CollectionSpace has awarded its first ever mini-grants, to museums and collecting institutions in California, Massachusetts, Rhode Island, and Washington.
The mini-grants will assist institutions in implementing the project’s web-based, open source collections management software, and to participate in design and development work to extend CollectionSpace benefits to a broader set of communities.
The following are among the mini-grant recipients:
- The San Diego Chinese Historical Museum will use CollectionSpace to catalog their holdings of thousands of ethnographic artifacts and works of art related to China and Chinese in America.
- The GSBF Bonsai Garden at Lake Merritt and the Pacific Bonsai Museum, will design and develop a bonsai extension to the CollectionSpace botanical garden profile, for use by these institutions and to be shared with the larger bonsai community.

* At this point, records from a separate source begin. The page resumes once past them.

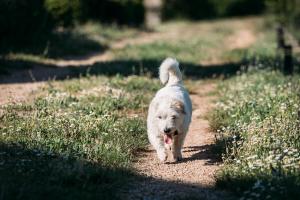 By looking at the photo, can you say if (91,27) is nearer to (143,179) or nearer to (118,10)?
(118,10)

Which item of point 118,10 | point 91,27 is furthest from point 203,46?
point 118,10

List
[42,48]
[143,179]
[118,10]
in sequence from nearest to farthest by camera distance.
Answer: [143,179]
[42,48]
[118,10]

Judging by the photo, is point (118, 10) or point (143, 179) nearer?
point (143, 179)

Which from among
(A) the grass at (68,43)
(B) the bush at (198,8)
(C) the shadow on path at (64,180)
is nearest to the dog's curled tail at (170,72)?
(C) the shadow on path at (64,180)

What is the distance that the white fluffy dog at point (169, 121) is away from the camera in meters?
9.01

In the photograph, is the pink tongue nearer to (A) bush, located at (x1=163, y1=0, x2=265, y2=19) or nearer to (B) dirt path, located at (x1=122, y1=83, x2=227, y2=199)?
(B) dirt path, located at (x1=122, y1=83, x2=227, y2=199)

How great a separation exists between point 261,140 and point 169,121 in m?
1.32

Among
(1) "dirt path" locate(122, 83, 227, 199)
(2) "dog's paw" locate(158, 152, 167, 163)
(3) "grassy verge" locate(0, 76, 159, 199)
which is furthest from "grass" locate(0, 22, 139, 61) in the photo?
(2) "dog's paw" locate(158, 152, 167, 163)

- The Harvard University Graduate School of Design and Rhode Island School of Design, will create a new CollectionSpace profile for management of materials collections, including samples of glass, wood, plastics, metal, and other materials. As well, they will be participating in the development of new CollectionSpace functionality that will allow these collections and others to contribute to shared sets of authority terms.
CollectionSpace is used to catalogue and manage five major UC Berkeley campus collections. UC Berkeley’s Research IT department has contributed substantially to CollectionSpace design and development since the project’s inception. Ray Lee, technical lead for the department’s CollectionSpace implementation team, will be working on both the bonsai and materials collection projects.